When I was small, I loved those plastic sleeves that shrunk around the egg, not because they were quick (coloring eggs strikes me as being more fun) but because it was fascinating to watch the edges curl tightly when you lowered the egg into boiling water. (They were, of course, impossible to get off afterwards when you were actually expected to eat the egg.)
The dyes would have made any alchemist think his life's work quite in vain, transforming an ordinary mason jar into a lamp from beyond the borders of the world. The kitchen reeked of vinegar, the smell, it seemed, of creativity, and there on the table, hoarding light in their mysterious depths were the jars. The orange jar was the most brilliant, and the most mysterious because when you dipped an egg in, it always came out unmistakeably yellow. The blue jar had its own brand of miracle, because it was like a starless sky at midnight, more black than blue, really, but any egg that disappeared below its unsounded surface would reappear as brilliant as the sky at noon.
In the weeks following Easter, eating dyed eggs was an expected, though not particularly prized ritual. Peeling them was a good deal of fun; the whites inside had become a paler version of the shell. But eating them? They tasted suspiciously like hardboiled eggs, no matter what color they were.

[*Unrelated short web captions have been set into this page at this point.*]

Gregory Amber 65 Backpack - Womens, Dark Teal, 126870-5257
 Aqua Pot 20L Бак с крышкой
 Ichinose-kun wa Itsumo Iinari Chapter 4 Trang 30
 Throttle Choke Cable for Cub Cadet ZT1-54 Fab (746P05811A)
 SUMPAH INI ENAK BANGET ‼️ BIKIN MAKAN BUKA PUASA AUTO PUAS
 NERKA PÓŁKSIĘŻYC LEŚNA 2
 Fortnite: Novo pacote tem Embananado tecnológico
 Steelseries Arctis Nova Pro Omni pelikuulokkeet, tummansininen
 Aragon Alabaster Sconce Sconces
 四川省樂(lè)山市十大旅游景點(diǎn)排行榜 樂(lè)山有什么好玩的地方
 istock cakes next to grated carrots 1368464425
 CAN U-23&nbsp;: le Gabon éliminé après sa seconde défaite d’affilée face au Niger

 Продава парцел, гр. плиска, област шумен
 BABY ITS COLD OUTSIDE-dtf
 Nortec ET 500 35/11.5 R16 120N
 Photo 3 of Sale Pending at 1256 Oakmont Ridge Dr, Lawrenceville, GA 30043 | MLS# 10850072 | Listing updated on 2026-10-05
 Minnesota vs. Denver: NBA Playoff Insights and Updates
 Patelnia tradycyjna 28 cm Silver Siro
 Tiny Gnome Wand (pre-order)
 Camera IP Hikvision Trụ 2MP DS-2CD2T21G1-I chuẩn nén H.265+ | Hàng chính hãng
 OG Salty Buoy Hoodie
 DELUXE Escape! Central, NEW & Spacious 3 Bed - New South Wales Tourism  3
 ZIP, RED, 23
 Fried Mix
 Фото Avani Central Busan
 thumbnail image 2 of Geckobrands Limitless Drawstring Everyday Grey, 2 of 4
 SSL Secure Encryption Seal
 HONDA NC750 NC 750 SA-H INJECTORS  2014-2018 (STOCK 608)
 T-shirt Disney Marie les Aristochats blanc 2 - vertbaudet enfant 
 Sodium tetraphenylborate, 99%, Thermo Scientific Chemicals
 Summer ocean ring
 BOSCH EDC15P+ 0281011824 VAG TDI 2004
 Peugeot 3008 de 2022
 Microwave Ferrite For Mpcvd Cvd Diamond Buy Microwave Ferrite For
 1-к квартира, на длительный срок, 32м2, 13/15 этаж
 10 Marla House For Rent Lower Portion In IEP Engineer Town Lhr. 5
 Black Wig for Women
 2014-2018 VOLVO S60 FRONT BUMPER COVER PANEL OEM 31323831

They had the looks, alright, but somehow they couldn't compete with chocolate eggs.
One of these years, I am going to think ahead and buy a set of dyes (the plastic sleeves are tempting, but an all-too-fleeting pleasure) to see if it was as much fun as I remember, though, in my old age, I suspect that I would spend more time staring at the stained-glass qualities of the not-really-orange jar than I would thinking of creative ways to use it.